Historic commandery of China

Linhuai Commandery (臨淮郡) was a historical commandery of China, located in what is now central Jiangsu province.
==History==
The Shuowen Jiezi records the commandery as the area of the former state of Han.

The commandery was first established in 117 BC, from part of Pei and Guangling commanderies. In late Western Han period, the commandery administered 29 counties and marquessates: Xu (徐), Qulü (取慮), Huaipu (淮浦), Xuyi (盱眙), Rouyou (厹猶), Tong (僮), Sheyang (射陽), Kaiyang (開陽), Zhuiqi (贅其), Gaoshan (高山), Suiling (睢陵), Yandu (鹽瀆), Huaiyin (淮陰), Huailing (淮陵), Xiaxiang (下相), Fuling (富陵), Dongyang (東陽), Bojing (播旌), Xiping (西平), Gaoping (高平), Kailing (開陵), Changyang (昌陽), Guangping (廣平), Lanyang (蘭陽), Xiangping (襄平), Hailing (海陵), Yu (輿), Tangyi (堂邑) and Leling (樂陵). Total population in 2 AD was 1,237,764 individuals or 268,283 households. In early Eastern Han, Linhuai was briefly granted to Liu Heng (劉衡), son of the Emperor Guangwu, as his fief. At Heng's death, Linhuai reverted to the status of a commandery. In 75, Linhuai was merged into the Xiapi Kingdom, then ruled by Liu Yan (劉衍), son of the Emperor Ming.

Linhuai Commandery was reestablished at the time of Jin dynasty's founding.
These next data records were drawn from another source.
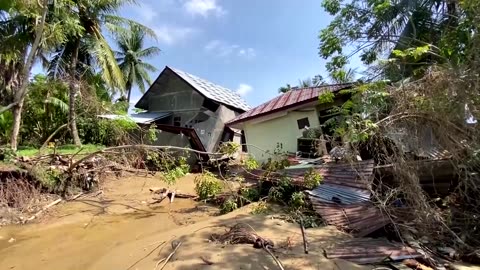 Boxing Day Tsunami survivor relives experience in Indonesia flooding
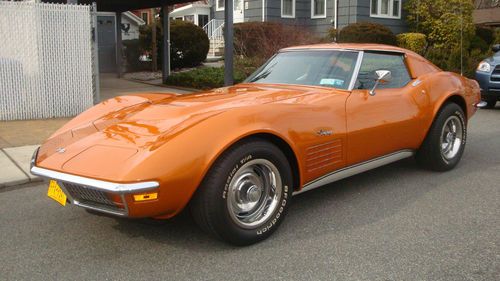 1972 chevrolet corvette coupe matching number 350 v-8, 4 speed w/ac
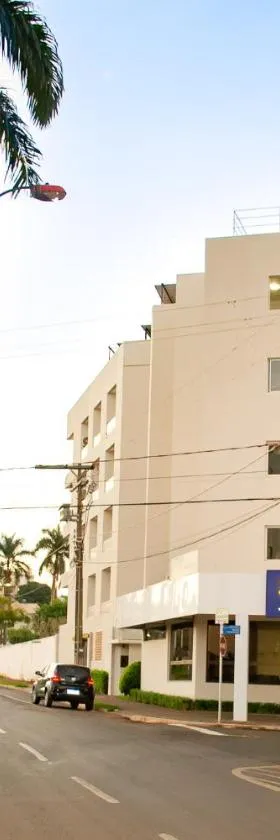 IPÊ PLAZA HOTEL LTDA，位于伊通比亚拉的酒店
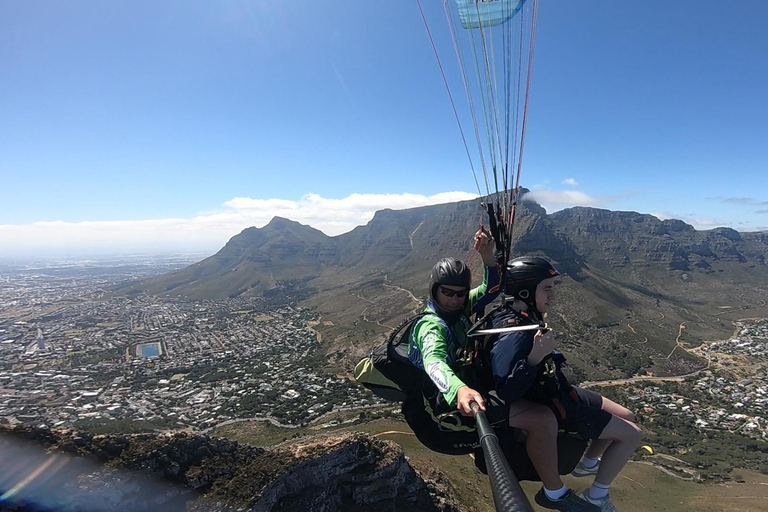 Città del Capo: Parapendio in tandem con vista sulla Table MountainCittà del Capo: parapendio in tandem con vista sulla Table Mountain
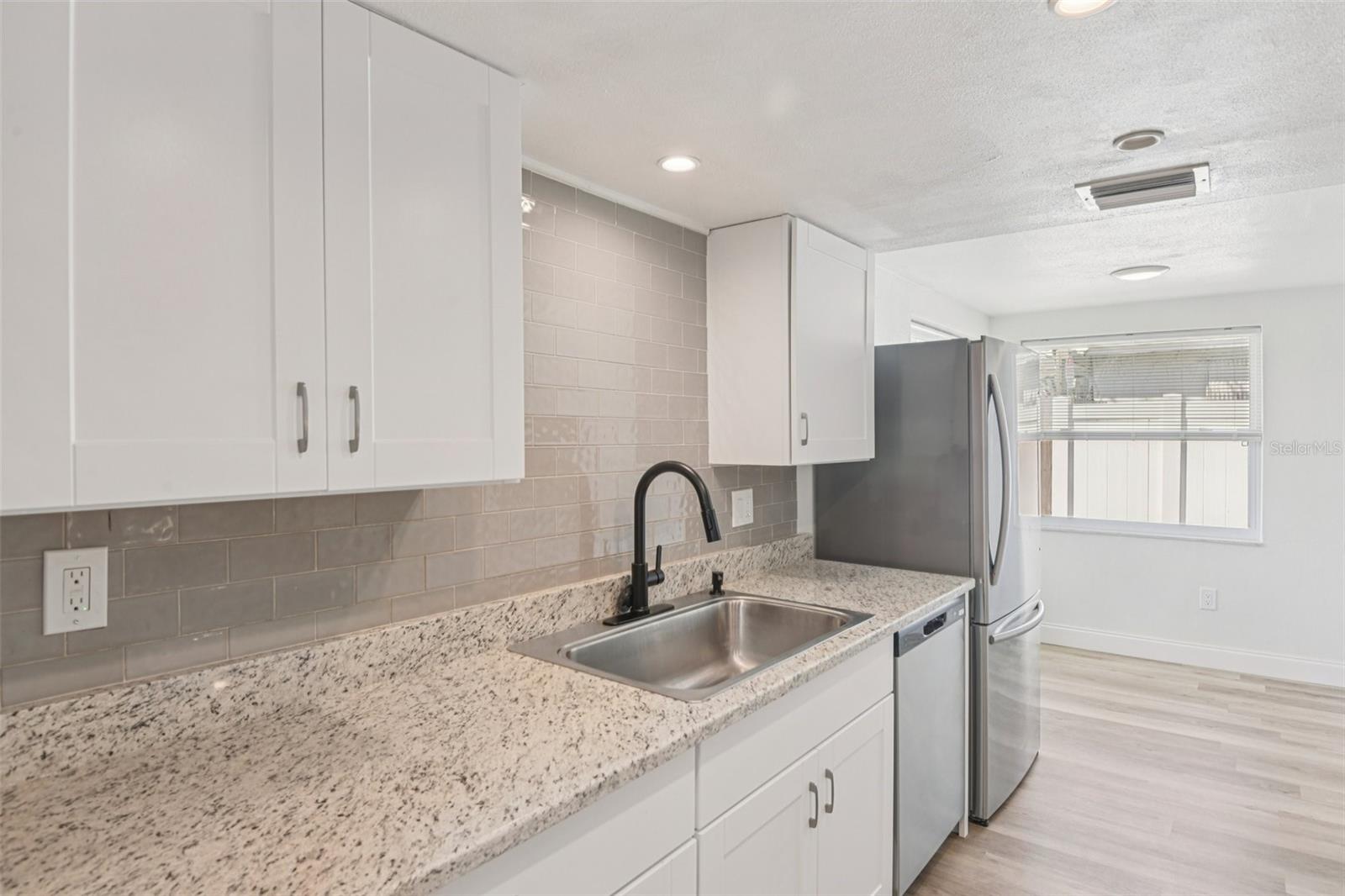 EMBASSY HILLS - Residential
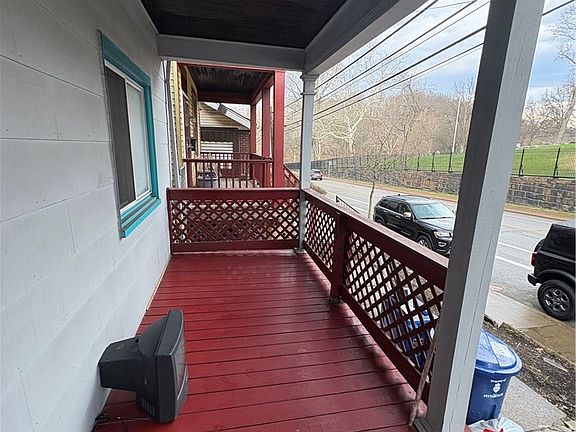 2nd image of 2647 Brighton Rd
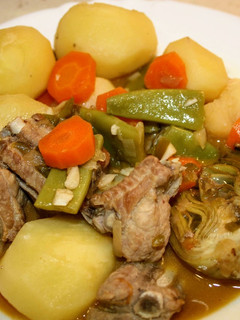 Una foto de Patatas guisadas con costillas de cerdo y verduras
The commandery then only had 10 counties: Xuyi, Dongyang, Zhuiqi, Gaoshan, Panjing (潘旌, formerly Bojing), Gaoyou, Huailing, Siwu (司吾), Xiaxiang and Xu. In 280, the population was 10,000 households. The region was lost during the Yongjia period. When recovered by the Jin in 411, it was renamed Xuyi Commandery.

During the Tang dynasty, Linhuai Commandery became an alternative name of Si Prefecture. In 741, the commandery consisted of four counties: Linhuai, Lianshui, Xuyi and Xucheng (徐城). The population was 205,959 individuals or 37,526 households.